(WORK TASK): In the entries that follow, find the line containing "Zwischenstopp an der"; from there, copy every line exactly through the line containing "แผงสวิตช์ไฟ LED 4".

(DATA EXTRACT):
----

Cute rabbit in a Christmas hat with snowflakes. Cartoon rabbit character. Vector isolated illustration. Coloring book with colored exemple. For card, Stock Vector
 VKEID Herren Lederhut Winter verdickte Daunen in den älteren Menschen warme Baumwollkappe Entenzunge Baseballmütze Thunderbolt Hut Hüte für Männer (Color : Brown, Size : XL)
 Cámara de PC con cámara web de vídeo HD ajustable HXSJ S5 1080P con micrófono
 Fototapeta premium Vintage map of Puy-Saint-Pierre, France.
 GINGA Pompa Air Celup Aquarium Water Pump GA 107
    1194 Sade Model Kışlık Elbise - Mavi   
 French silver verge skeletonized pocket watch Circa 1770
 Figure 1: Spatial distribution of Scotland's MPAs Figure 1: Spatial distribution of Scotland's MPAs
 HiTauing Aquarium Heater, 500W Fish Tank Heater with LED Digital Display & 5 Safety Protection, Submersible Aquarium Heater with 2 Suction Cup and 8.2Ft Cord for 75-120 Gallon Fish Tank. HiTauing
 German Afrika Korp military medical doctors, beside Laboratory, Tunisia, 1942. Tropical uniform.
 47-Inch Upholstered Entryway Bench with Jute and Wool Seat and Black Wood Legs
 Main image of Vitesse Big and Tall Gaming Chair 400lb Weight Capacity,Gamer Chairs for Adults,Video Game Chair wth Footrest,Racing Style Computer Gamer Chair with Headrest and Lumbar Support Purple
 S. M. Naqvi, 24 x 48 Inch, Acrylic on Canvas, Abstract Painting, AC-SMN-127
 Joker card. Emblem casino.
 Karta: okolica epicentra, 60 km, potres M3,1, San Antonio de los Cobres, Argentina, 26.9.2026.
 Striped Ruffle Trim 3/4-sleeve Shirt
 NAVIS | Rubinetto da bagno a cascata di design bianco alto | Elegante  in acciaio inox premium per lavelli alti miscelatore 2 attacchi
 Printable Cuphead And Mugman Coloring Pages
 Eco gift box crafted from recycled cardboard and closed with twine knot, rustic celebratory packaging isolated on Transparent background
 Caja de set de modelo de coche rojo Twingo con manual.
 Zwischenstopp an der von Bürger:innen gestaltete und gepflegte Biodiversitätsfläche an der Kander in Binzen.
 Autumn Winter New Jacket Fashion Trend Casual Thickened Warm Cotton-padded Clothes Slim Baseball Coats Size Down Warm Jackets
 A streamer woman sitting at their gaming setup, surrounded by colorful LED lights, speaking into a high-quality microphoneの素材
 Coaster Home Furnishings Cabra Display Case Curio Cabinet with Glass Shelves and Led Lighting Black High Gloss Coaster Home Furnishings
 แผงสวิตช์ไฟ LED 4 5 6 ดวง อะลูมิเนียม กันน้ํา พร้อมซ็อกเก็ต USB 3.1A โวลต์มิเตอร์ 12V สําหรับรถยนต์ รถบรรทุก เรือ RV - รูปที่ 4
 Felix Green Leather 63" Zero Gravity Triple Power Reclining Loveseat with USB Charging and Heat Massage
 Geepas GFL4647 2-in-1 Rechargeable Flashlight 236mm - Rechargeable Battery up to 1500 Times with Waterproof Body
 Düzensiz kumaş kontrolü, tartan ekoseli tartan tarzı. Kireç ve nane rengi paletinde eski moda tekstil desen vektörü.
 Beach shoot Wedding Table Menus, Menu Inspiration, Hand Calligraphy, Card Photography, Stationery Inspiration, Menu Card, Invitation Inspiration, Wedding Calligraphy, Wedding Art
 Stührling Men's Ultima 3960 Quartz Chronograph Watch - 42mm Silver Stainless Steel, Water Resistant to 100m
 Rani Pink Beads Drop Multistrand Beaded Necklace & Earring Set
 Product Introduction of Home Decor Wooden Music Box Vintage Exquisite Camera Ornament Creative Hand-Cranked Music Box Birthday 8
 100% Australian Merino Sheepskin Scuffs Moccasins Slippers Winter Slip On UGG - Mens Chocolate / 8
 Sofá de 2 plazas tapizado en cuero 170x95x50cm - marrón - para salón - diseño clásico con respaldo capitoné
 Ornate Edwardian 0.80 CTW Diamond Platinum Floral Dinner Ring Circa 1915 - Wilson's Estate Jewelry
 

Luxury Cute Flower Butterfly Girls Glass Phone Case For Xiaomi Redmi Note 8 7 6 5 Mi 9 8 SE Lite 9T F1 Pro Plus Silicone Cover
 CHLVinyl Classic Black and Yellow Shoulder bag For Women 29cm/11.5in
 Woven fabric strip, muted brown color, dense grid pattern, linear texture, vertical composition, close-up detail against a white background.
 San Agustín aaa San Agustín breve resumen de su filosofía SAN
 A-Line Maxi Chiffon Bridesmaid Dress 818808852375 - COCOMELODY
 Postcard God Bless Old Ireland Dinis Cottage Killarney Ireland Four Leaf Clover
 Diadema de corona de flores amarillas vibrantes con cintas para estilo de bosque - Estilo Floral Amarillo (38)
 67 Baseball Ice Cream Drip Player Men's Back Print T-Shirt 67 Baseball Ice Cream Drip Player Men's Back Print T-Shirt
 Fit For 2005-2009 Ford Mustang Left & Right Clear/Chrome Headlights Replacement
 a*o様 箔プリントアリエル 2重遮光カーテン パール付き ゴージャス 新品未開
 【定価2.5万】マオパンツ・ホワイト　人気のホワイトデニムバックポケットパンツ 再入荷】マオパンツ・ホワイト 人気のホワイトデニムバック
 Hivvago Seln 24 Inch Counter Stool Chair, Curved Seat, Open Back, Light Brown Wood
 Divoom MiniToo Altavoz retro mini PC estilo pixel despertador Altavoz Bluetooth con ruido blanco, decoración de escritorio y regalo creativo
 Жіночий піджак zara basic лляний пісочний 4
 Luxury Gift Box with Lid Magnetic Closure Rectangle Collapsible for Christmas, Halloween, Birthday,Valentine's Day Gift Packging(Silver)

----

(EXERCISE ANSWER):
 Zwischenstopp an der von Bürger:innen gestaltete und gepflegte Biodiversitätsfläche an der Kander in Binzen.
 Autumn Winter New Jacket Fashion Trend Casual Thickened Warm Cotton-padded Clothes Slim Baseball Coats Size Down Warm Jackets
 A streamer woman sitting at their gaming setup, surrounded by colorful LED lights, speaking into a high-quality microphoneの素材
 Coaster Home Furnishings Cabra Display Case Curio Cabinet with Glass Shelves and Led Lighting Black High Gloss Coaster Home Furnishings
 แผงสวิตช์ไฟ LED 4 5 6 ดวง อะลูมิเนียม กันน้ํา พร้อมซ็อกเก็ต USB 3.1A โวลต์มิเตอร์ 12V สําหรับรถยนต์ รถบรรทุก เรือ RV - รูปที่ 4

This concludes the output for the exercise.